This column was first published in SvD Näringsliv, in Swedish, on October 5th, 2021.
Speculation in cryptocurrencies has turned many into both paupers and millionaires. But when phenomena like NFTs begin to mature, they can form the basis of something entirely new – a different type of internet than the one we know today.
A shiba inu dog that looks a little lost. The image is at the center of a series of seemingly strange events that make derivatives trading feel uncomplicated and risk-free by comparison. Come along for the latest adventures in the crypto world – and which, according to some, point out the direction of a future internet:
First there was a meme, a funny photo montage, called “doge”. The picture depicted the aforementioned dog.
Subsequently, the cryptocurrency dogecoin was created as a joke, with the dog as its symbol.
After this, the image was sold as an NFT – that is, the digital right to the original image to a group of investors. Price? Around 4 million dollars. At this point, many people probably start to think that it sounds strange because anyone can download a JPG image for free on the internet.
Then these investors took the NFT image, and split it into 17 billion small parts instead – so-called “fractionalization”. Now anyone could buy a share of the image. This in turn created another cryptocurrency called dogcoin (without the “e” at the end). After an auction of 24 hours, this new cryptocurrency – and the image of the dog – was worth 225 million dollars.
Now, just over a month later, the value has plummeted to just over 27 million dollars. Still a considerable amount of money.
This of course sounds absurd. How can a photo of a dog that everyone can Google become worth 225 million dollars overnight?

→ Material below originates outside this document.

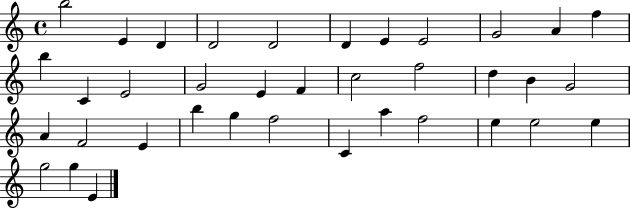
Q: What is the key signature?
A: C major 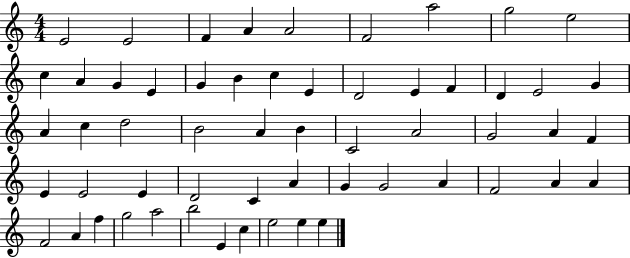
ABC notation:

The first factor is the huge speculation that has taken place in cryptocurrencies in recent years. Although there are many legitimate uses, the great interest in crypto has not been driven by average joes who have a philosophical interest in a decentralized social economy. They have mostly wanted to make quick money. And many of them have succeeded. Huge runs (and crashes) over the course of a single a day are hard to find in the regular stock market, but they do occur here.
The great interest has also created a number of new millionaires. People who bet a couple of thousand at the right time are now sitting on huge crypto resources. However, the use for cryptocurrencies is still very limited. There are simply very few things you can buy with the currency, unless you decide to exchange it back to regular dollars. But if you do that – then you are once again outside the market.
NFT solves this – admittedly self-created – problem. It is a digital asset that may increase in value, and which preferably must be purchased with cryptocurrency. It allows speculators to use their newfound profits and still remain in the market. And the interest is great. The art series “Cryptopunks” had over a billion dollars in total sales by the end of August this year, and is now traded for around 20 million dollars every day. Speculation is rampant, in other words. There are similar art projects around digital apes, or almost what you can imagine, where transactions for millions are made repeatedly.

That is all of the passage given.